Given data >>
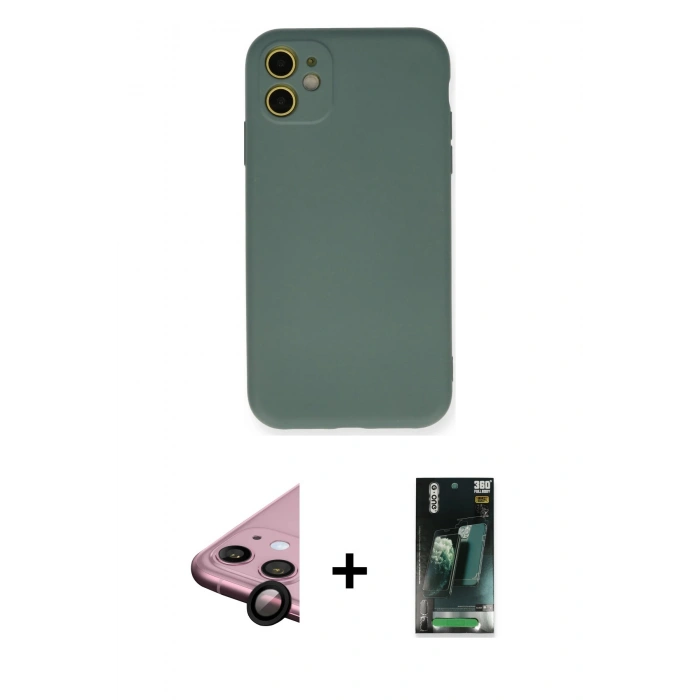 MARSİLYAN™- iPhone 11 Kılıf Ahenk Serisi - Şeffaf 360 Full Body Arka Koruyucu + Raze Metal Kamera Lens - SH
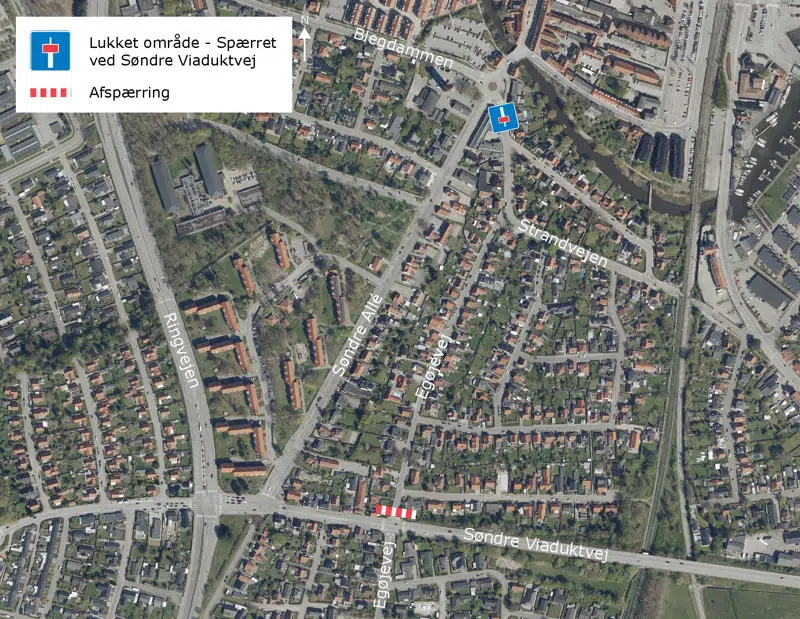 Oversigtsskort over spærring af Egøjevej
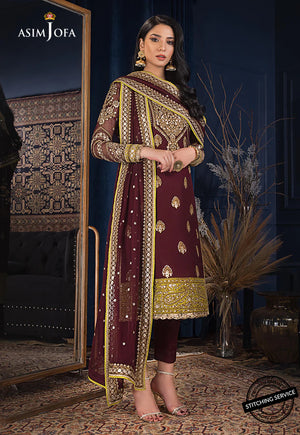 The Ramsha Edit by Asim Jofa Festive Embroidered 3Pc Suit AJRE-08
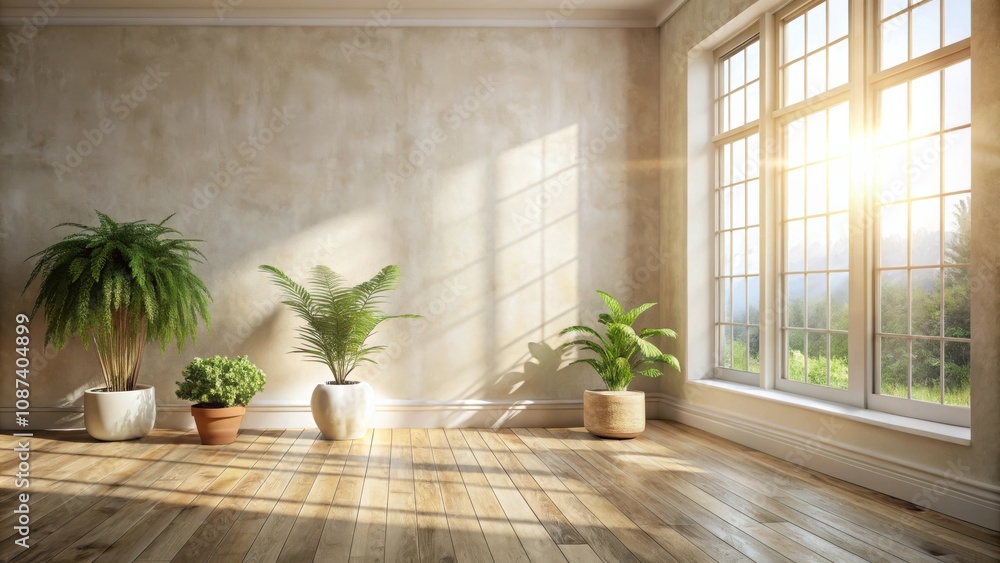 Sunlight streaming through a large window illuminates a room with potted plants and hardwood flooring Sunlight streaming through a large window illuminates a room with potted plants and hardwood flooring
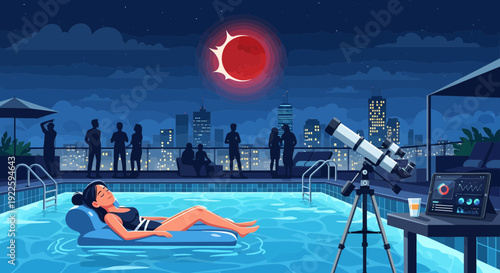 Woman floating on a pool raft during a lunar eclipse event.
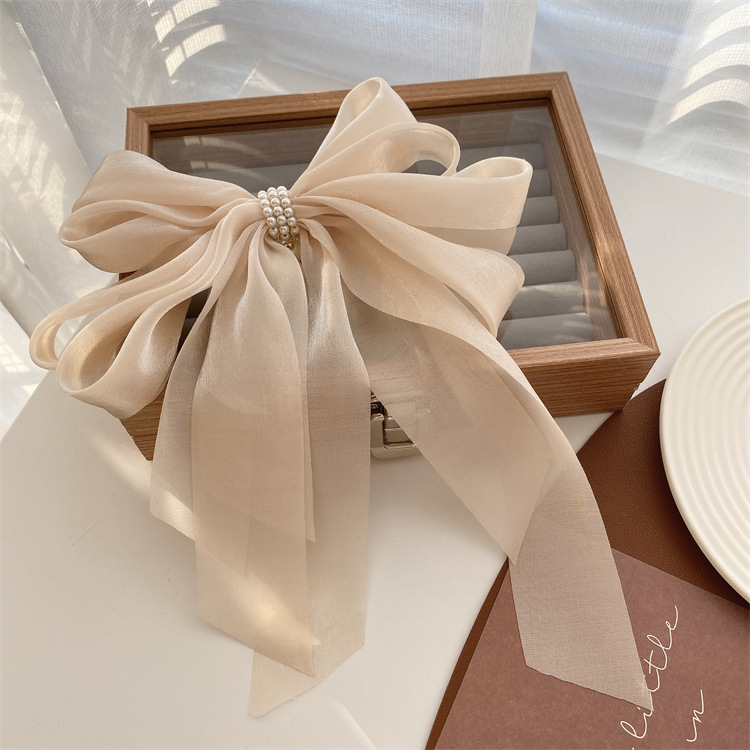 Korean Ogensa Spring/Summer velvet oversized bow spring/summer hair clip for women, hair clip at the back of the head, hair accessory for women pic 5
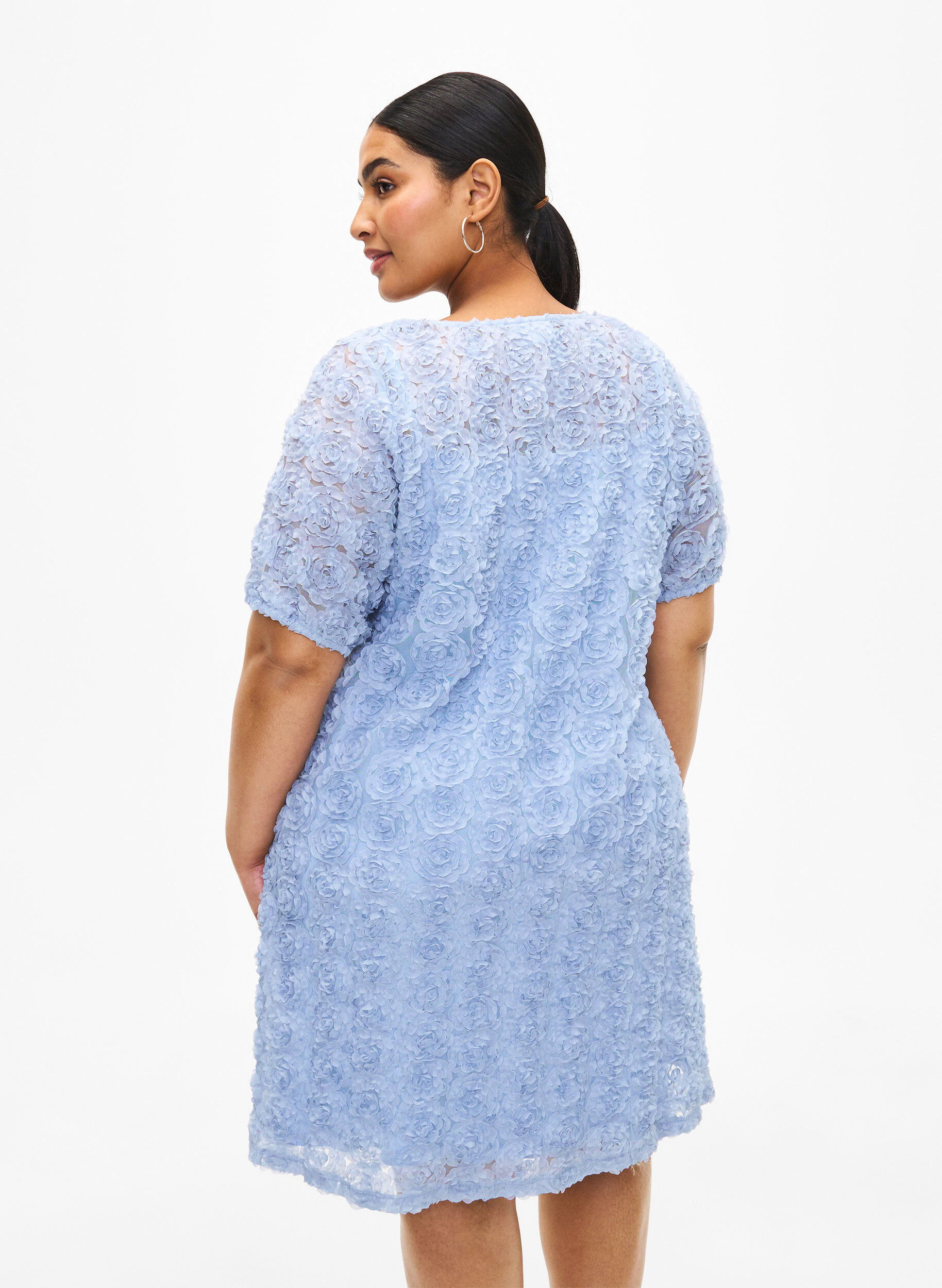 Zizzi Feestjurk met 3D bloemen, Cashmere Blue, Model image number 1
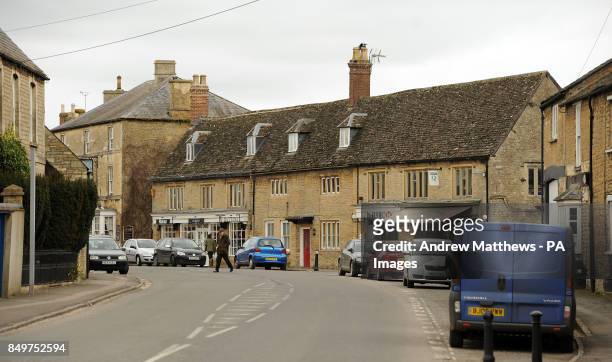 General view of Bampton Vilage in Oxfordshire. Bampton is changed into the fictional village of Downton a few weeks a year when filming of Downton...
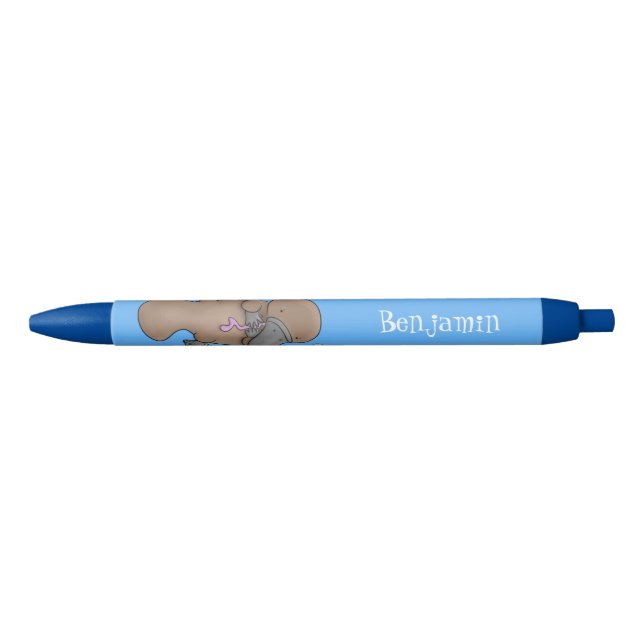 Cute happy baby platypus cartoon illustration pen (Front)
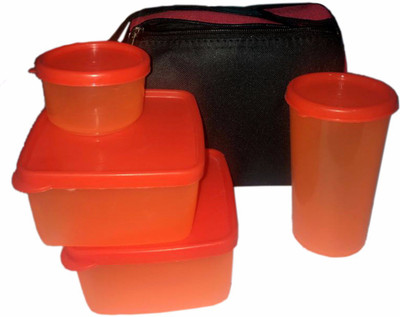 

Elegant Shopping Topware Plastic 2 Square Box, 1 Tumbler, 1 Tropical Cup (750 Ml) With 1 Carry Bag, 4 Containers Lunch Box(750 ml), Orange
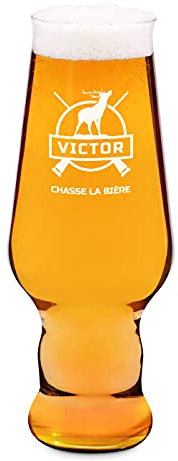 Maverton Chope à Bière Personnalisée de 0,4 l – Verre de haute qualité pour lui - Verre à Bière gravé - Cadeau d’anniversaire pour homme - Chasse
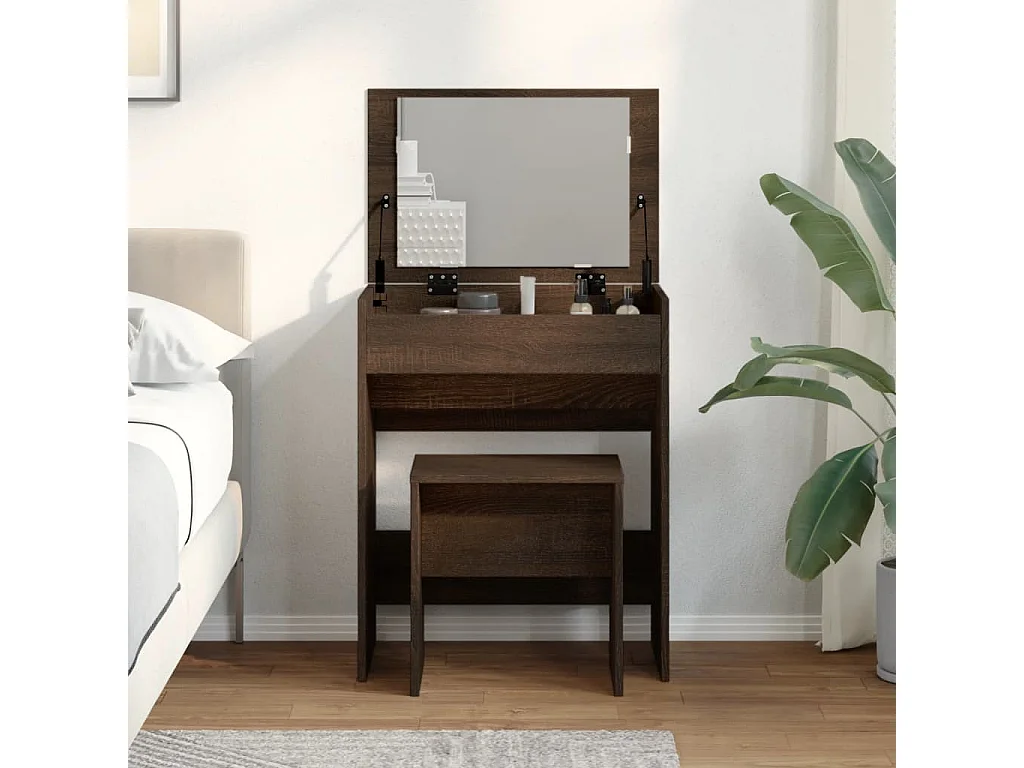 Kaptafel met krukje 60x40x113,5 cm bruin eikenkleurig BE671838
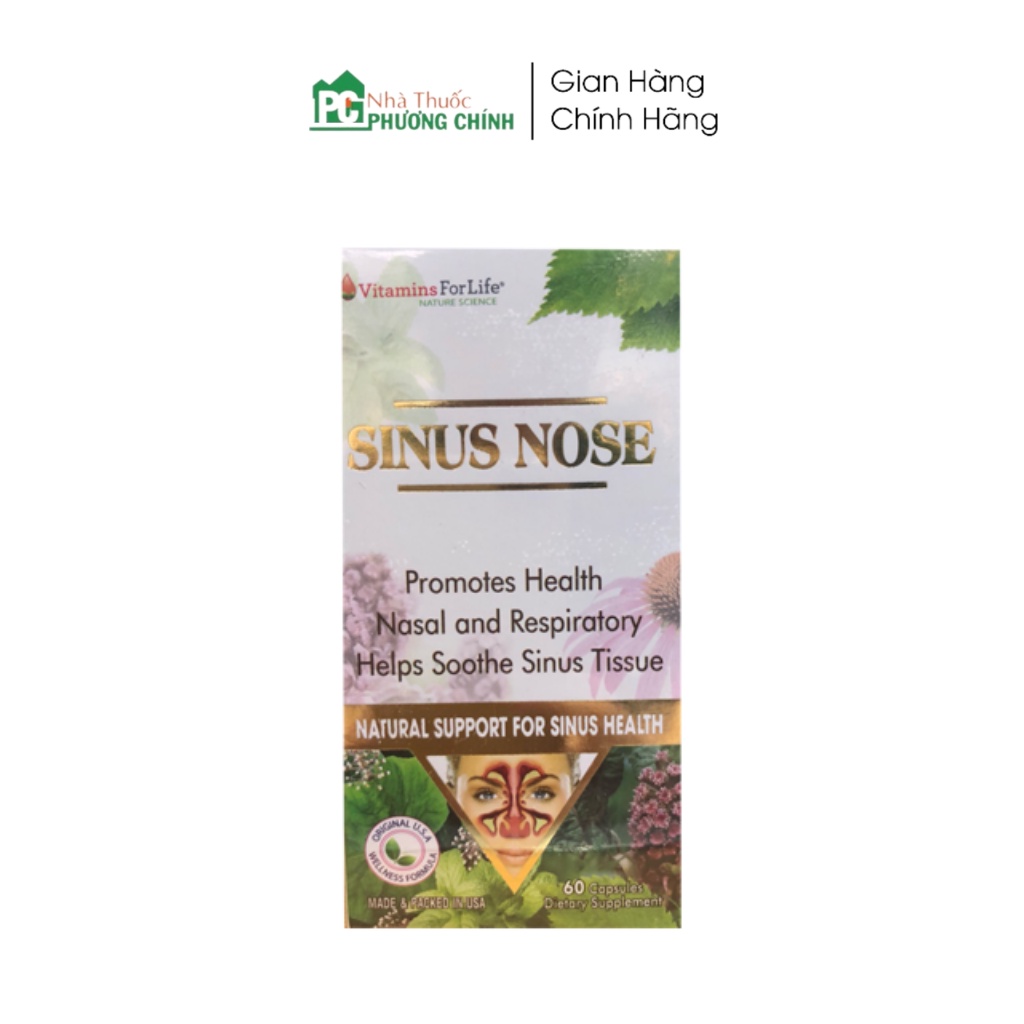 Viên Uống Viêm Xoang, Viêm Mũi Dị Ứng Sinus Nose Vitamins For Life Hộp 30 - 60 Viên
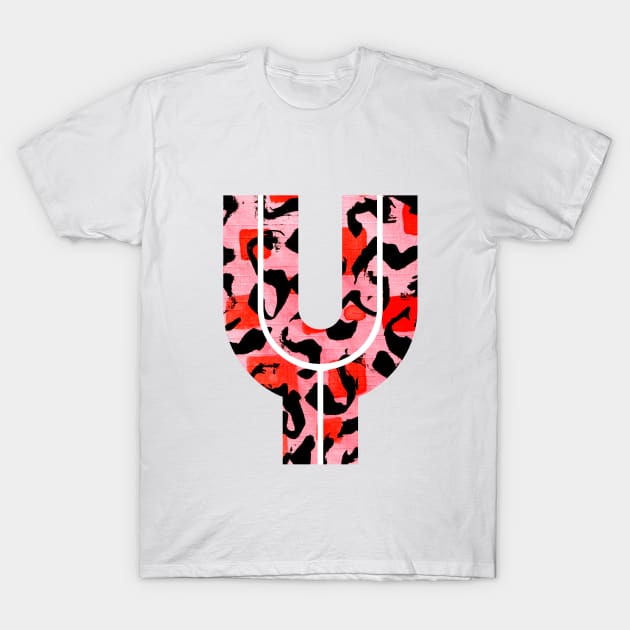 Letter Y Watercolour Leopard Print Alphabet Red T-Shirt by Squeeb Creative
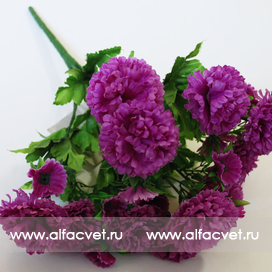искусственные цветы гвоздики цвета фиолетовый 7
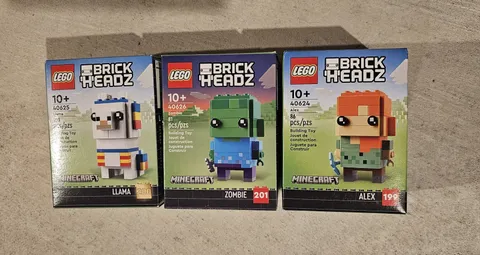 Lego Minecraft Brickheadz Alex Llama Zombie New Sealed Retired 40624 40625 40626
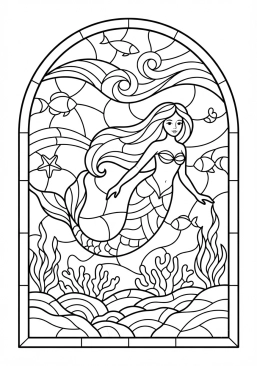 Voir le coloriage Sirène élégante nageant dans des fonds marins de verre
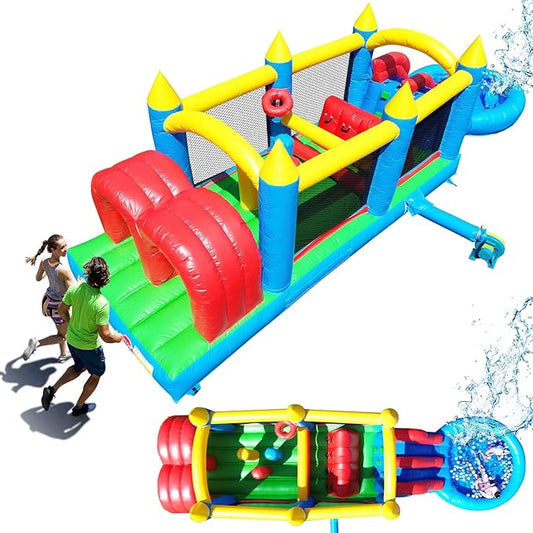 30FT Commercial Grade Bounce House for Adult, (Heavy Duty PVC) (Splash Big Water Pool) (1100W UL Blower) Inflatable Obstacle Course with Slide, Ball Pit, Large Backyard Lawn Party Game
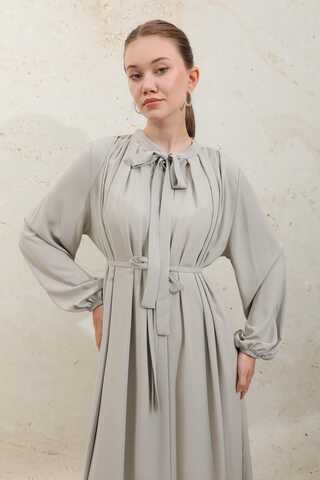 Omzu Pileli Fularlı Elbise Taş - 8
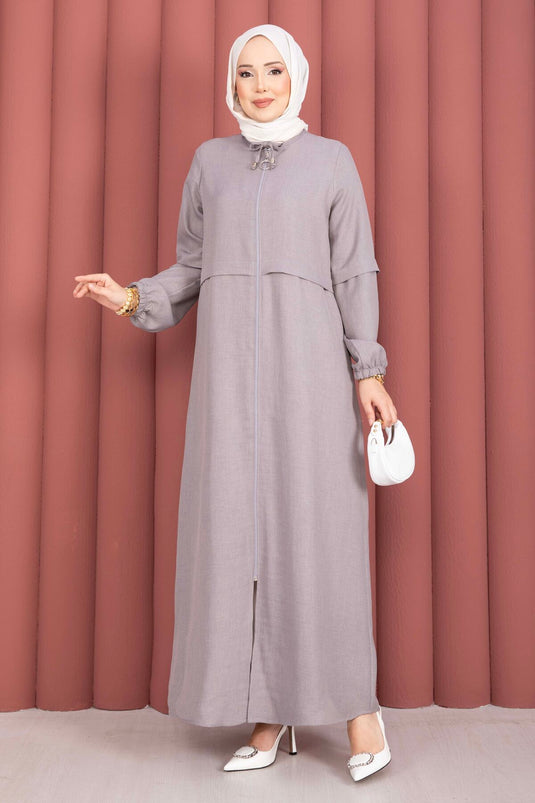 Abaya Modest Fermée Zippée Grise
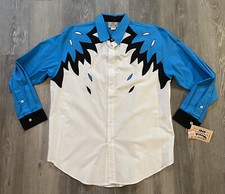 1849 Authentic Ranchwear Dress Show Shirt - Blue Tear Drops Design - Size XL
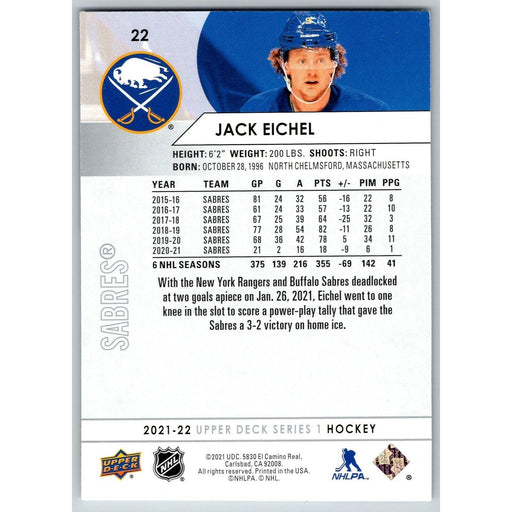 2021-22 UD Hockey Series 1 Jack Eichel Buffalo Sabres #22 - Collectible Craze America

Action item >> Could you reproduce the entries verbatim, leaving out all pictures?

Completed exercise >>
 MARSİLYAN™- iPhone 11 Kılıf Ahenk Serisi - Şeffaf 360 Full Body Arka Koruyucu + Raze Metal Kamera Lens - SH
 Oversigtsskort over spærring af Egøjevej
 The Ramsha Edit by Asim Jofa Festive Embroidered 3Pc Suit AJRE-08
 Sunlight streaming through a large window illuminates a room with potted plants and hardwood flooring Sunlight streaming through a large window illuminates a room with potted plants and hardwood flooring
 Woman floating on a pool raft during a lunar eclipse event.
 Korean Ogensa Spring/Summer velvet oversized bow spring/summer hair clip for women, hair clip at the back of the head, hair accessory for women pic 5
 Zizzi Feestjurk met 3D bloemen, Cashmere Blue, Model image number 1
 General view of Bampton Vilage in Oxfordshire. Bampton is changed into the fictional village of Downton a few weeks a year when filming of Downton...
 Cute happy baby platypus cartoon illustration pen (Front)

Elegant Shopping Topware Plastic 2 Square Box, 1 Tumbler, 1 Tropical Cup (750 Ml) With 1 Carry Bag, 4 Containers Lunch Box(750 ml), Orange
 Maverton Chope à Bière Personnalisée de 0,4 l – Verre de haute qualité pour lui - Verre à Bière gravé - Cadeau d’anniversaire pour homme - Chasse
 Kaptafel met krukje 60x40x113,5 cm bruin eikenkleurig BE671838
 Viên Uống Viêm Xoang, Viêm Mũi Dị Ứng Sinus Nose Vitamins For Life Hộp 30 - 60 Viên
 Letter Y Watercolour Leopard Print Alphabet Red T-Shirt by Squeeb Creative
искусственные цветы гвоздики цвета фиолетовый 7
 Lego Minecraft Brickheadz Alex Llama Zombie New Sealed Retired 40624 40625 40626
 Voir le coloriage Sirène élégante nageant dans des fonds marins de verre
 30FT Commercial Grade Bounce House for Adult, (Heavy Duty PVC) (Splash Big Water Pool) (1100W UL Blower) Inflatable Obstacle Course with Slide, Ball Pit, Large Backyard Lawn Party Game
 Omzu Pileli Fularlı Elbise Taş - 8
 Abaya Modest Fermée Zippée Grise
 1849 Authentic Ranchwear Dress Show Shirt - Blue Tear Drops Design - Size XL
 2021-22 UD Hockey Series 1 Jack Eichel Buffalo Sabres #22 - Collectible Craze America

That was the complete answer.